Although multithreading is widely adopted in modern software, many foundational applications in the cloud - such as PostgreSQL - continue to rely on multiprocess architectures. This preference persists not only because of historical design decisions, but also because of practical advantages such as isolation between execution units, easier implementation of scaling, and simplified fault tolerance. At first glance, this creates a conflict between the traditional unikernel philosophy and real-world requirements, seemingly requiring either the adaptation of multiprocess applications to the multithreaded model, or architectural compromises.
At Unikraft, we see this as a false dichotomy: While multithreaded applications can benefit from more efficient data usage and faster intercommunication, this approach comes with significant engineering and maintenance overhead for every multiprocess application. On the other hand, we believe that mass adoption is a critical factor for the success of unikernels in the cloud, and maintain that unikernels and multiprocessing are fundamentally architecturally compatible. Our vision: Zero1 modifications to existing applications' codebases.
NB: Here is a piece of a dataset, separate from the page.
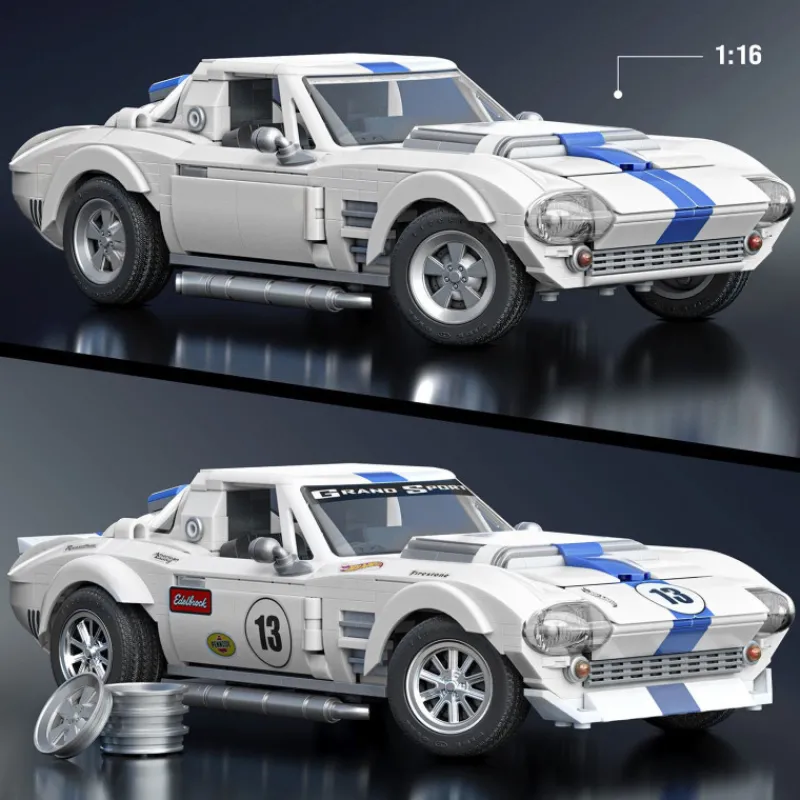 Otras marcas Mattel Brick Shop Hot Wheels Corvette Grand Sport Elite 918 Piezas> Construcción|Fan Zone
Building on this vision, we are excited to announce that beginning from 0.19.0
, Unikraft incorporates multiprocess capabilities.
Thanks to Unikraft's truly modular architecture, these extensions are optional, non-intrusive, and configurable, preserving Unikraft's minimal nature.
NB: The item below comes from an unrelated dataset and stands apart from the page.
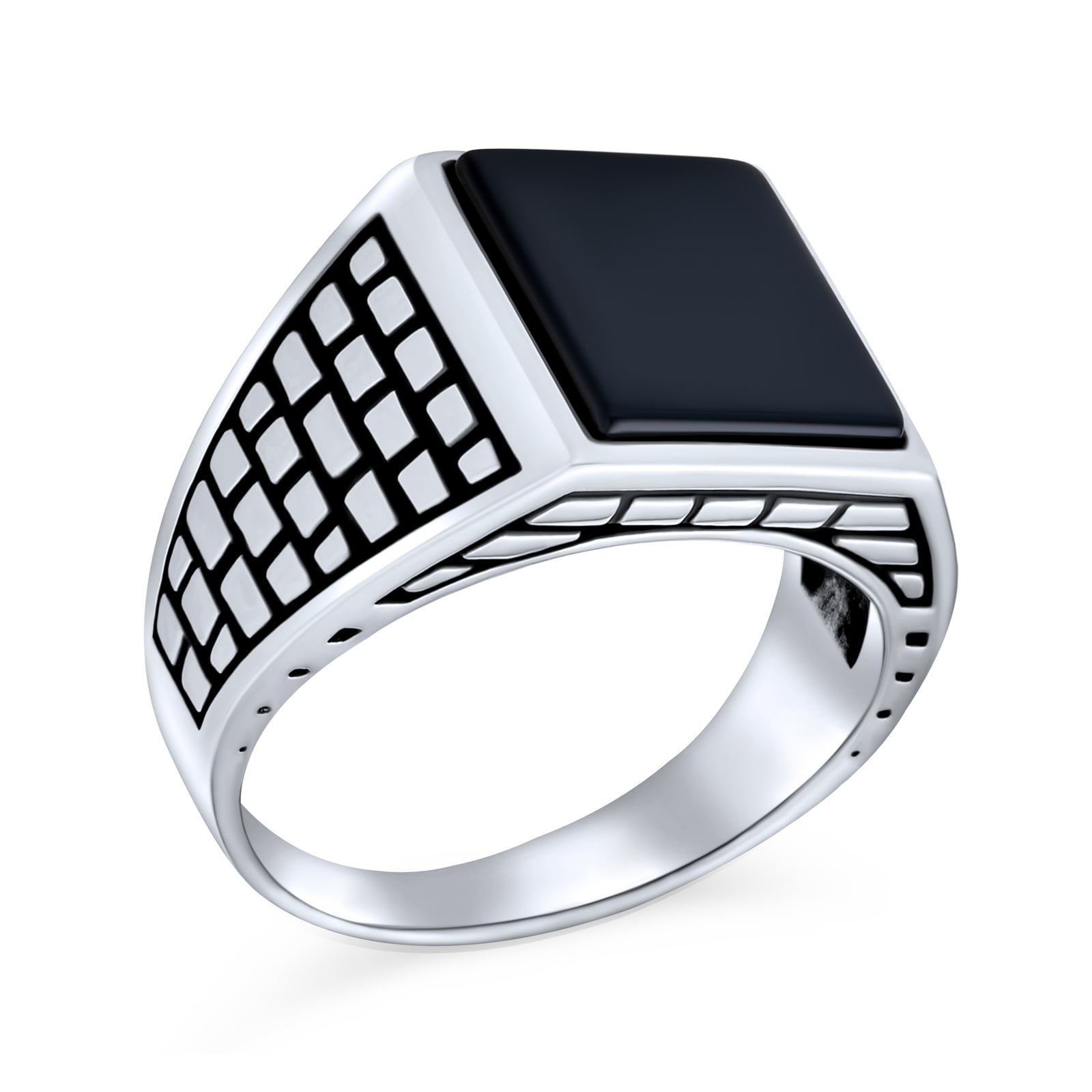 Mens Brick Accent Gemstone Statement Rectangle Black Onyx Signet Ring ...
The rest of this post presents the technical aspects of multiprocess support in Unikraft's architecture.
Despite its many problems, the cornerstone of multiprocess is fork(2)
.
When a process needs to run another program, it calls fork()
to create a child process, followed by execve(2) to load and run the target executable in the child's context.
One important property of fork()
is that the parent and child execute on distinct address spaces.
That is a problem for unikernels, that traditionally are single address space operating systems.
One alternative that suits the single address space model is vfork(2)
.
vfork()
first appeared in 3BSD as a workaround for the low performance of fork()
, given that before COW fork()
was too slow as the kernel had to copy the parent's context.
In vfork()
, the child executes at the same address space as the parent until the child calls execve()
or terminates.
For the sake of consistency, the parent blocks until one of these events occurs.
Moreover, as any change by the child will be eventually visible to the parent, the child is only allowed a limited set of actions:
(1) to update the parent's return value with the child's pid, (2) call execve()
, and (3) call _exit()
.
The result of any other behavior is undefined.
Linux introduced the non-standard clone(2)
syscall, that included the CLONE_VFORK
(suspend parent) and CLONE_VM
(calling process and child shares the same memory space) flags.
With these flags, vfork()
could be easily implemented by calling clone()
with flags set to CLONE_VM | CLONE_VFORK | SIGCHLD
.
posix_spawn(3)
is a libc function that performs the steps required to spawn a new process along with other housekeeping tasks in a safe and performant way.
Because of that, it is the recommended way to spawn a new process.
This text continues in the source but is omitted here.